**What the exercise asks:**
Retype the entries exactly, but skip the pictures.

**Given information:**

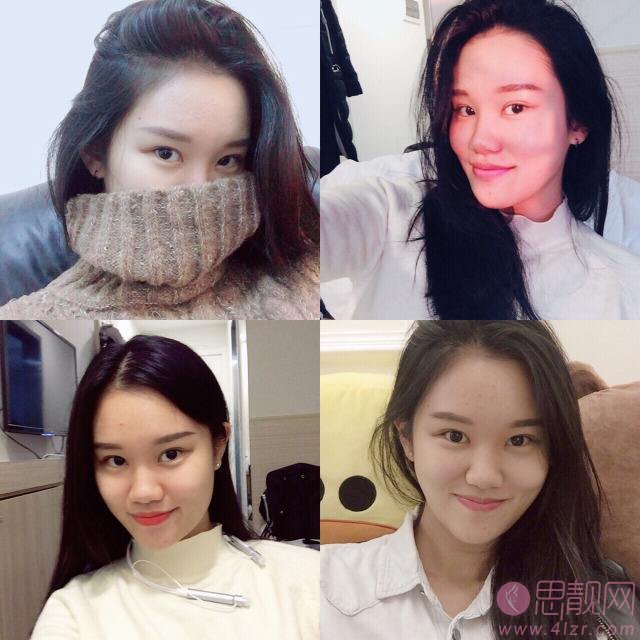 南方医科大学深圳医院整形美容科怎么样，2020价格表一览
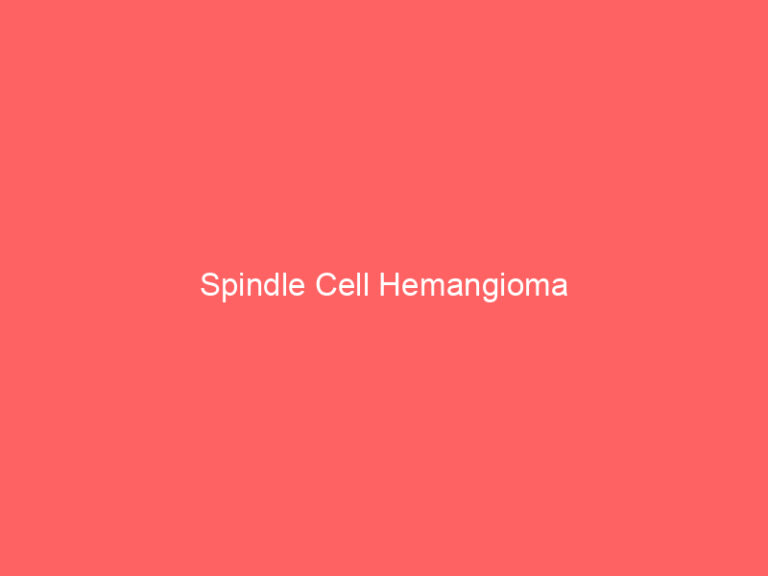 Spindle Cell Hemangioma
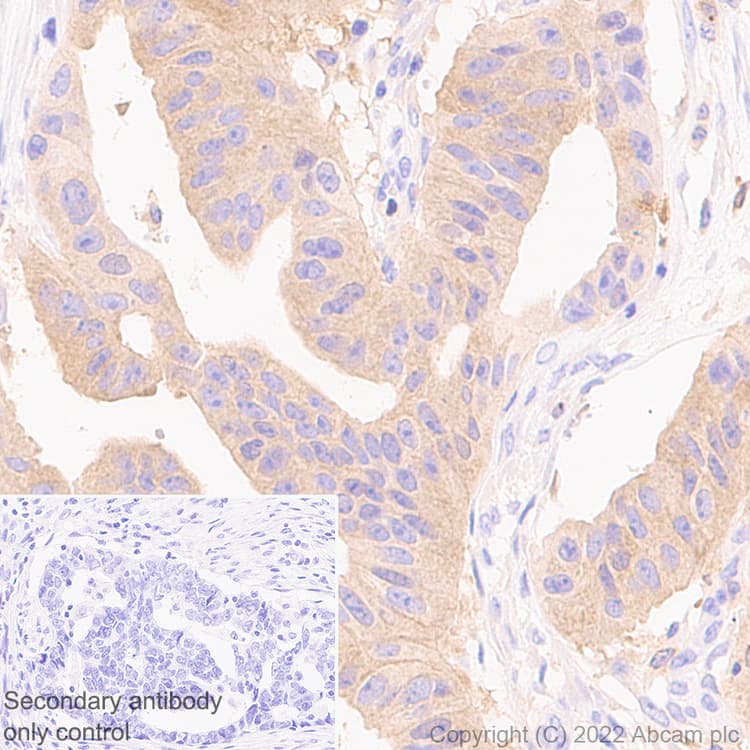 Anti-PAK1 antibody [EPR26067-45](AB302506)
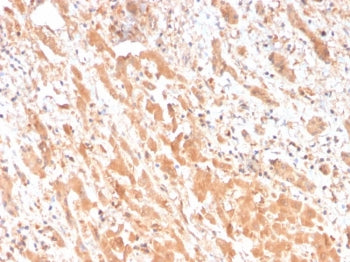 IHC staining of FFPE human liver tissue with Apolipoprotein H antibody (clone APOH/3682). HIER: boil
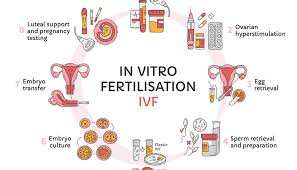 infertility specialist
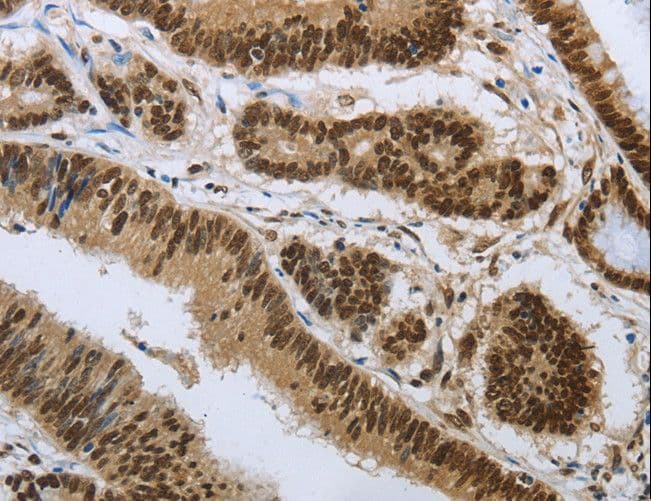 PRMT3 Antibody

**Written response:**
 南方医科大学深圳医院整形美容科怎么样，2020价格表一览
 Spindle Cell Hemangioma
 Anti-PAK1 antibody [EPR26067-45](AB302506)
 IHC staining of FFPE human liver tissue with Apolipoprotein H antibody (clone APOH/3682). HIER: boil
 infertility specialist
 PRMT3 Antibody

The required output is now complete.